Since her first case in 1974 Elizabeth Loftus has testified in and advised on hundreds of criminal cases, often urging judges and jurors to consider the fallibility of memory. Image: Flickr/TED Conference/James Duncan Davidson
In the early hours of 9 September, 1984, a stranger entered Mrs M's California home through an open living-room window. Finding Mrs M asleep, he tried to rape her, but fled when other people in the house awoke. Mrs M described her assailant to the police: he was black, weighing about 170 pounds and 5'7” to 5'9” tall, with small braids and a blue baseball cap.
Officers cruising her neighborhood spotted someone roughly matching that description standing beside his car a block away from the house. The man, Joseph Pacely, said that his car had broken down and he was looking for someone to jump-start it. But Mrs M identified him as her attacker and he was charged.
At Pacely's trial a few months later, memory researcher Elizabeth Loftus testified on his behalf. She told the jury how memory is fallible; how stress and fear may have impaired Mrs M's ability to identify her assailant, and how people can find it difficult to identify someone of a race other than their own.
Pacely was acquitted. “It's cases like this that mean the most to me,” says Loftus, “the ones in which I play a role in bringing justice to an innocent person.”
In a career spanning four decades, Loftus, a psychologist at the University of California, Irvine, has done more than any other researcher to document the unreliability of memory in experimental settings. And she has used what she has learned to testify as an expert witness in hundreds of criminal cases — Pacely's was her 101st — informing juries that memories are pliable and that eyewitness accounts are far from perfect recordings of actual events.
Her work has earned her plaudits from her peers, but it has also made her enemies. Critics charge that in her zeal to challenge the veracity of memory, Loftus has harmed victims and aided murderers and rapists. She has been sued and assaulted, and has even received death threats. “I went to a shooting range to learn how to shoot,” she says, noting that she keeps a few used targets in her office as a point of pride.

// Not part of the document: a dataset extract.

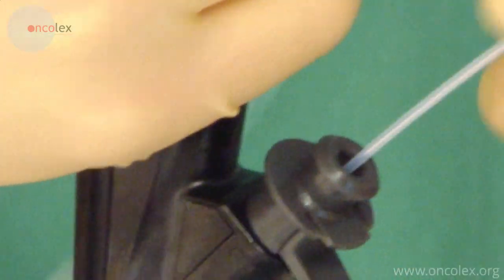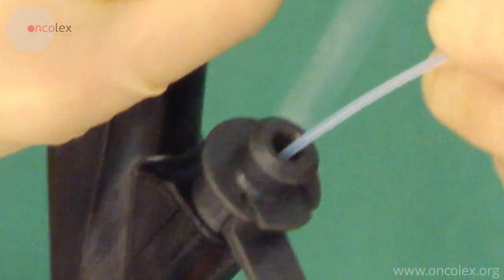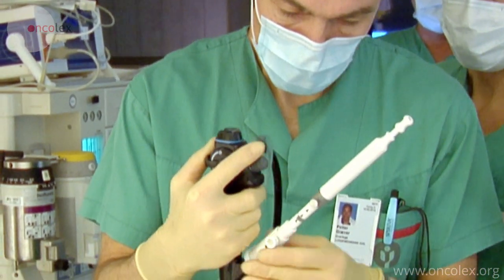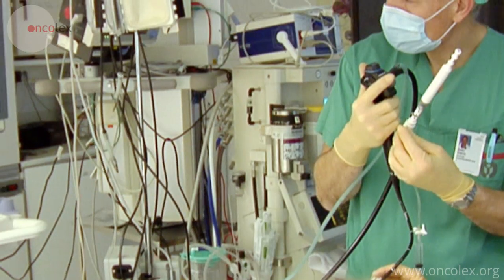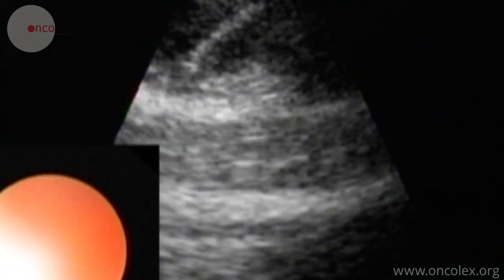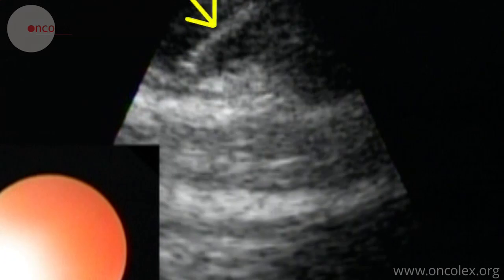The aspiration needle is placed in the working canal in the scope. Guided by ultrasound, the needle is inserted into the lymph node. This is the needle in the lymph node.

Now, the 68-year-old scientist's research is starting to bring about lasting changes in the legal system. In July last year, the New Jersey Supreme Court issued a ruling — based largely on her findings — that jurors should be alerted to the imperfect nature of memory and the fallibility of eyewitness testimony as standard procedure. Loftus is working with judges in other states to make such changes more widespread.
“What's going on now in America really is something of a revolution,” says Martin Conway, a cognitive psychologist at City University London. Loftus' work, he says, has been “profoundly important” in shaping these changes.
Loftus says that her start in psychology was rudderless. As a graduate student in mathematical psychology at Stanford University in California, “I wasn't really captivated”, she says. “I'd sit in the back of the seminars, kind of bored, writing letters to my Uncle Joe or hemming skirts, or whatever.”
Eventually a social-psychology class piqued her interest and she began to study how word meanings are stored in the brain, and how people recall them. Still, something was missing. “One day I was having lunch with a cousin of mine,” she says, “and I told her about our great discovery that people are faster at naming 'a bird that's yellow' than 'a yellow bird'.” Her cousin — unimpressed — joked about taxpayers' money being wasted. “That's when I decided I wanted to work on something that had more practical applications.”
Loftus was casting about for a meaningful way to study memory and get funding when a former Stanford engineer working for the US Department of Transportation said that his employer would probably pay for research into car accidents.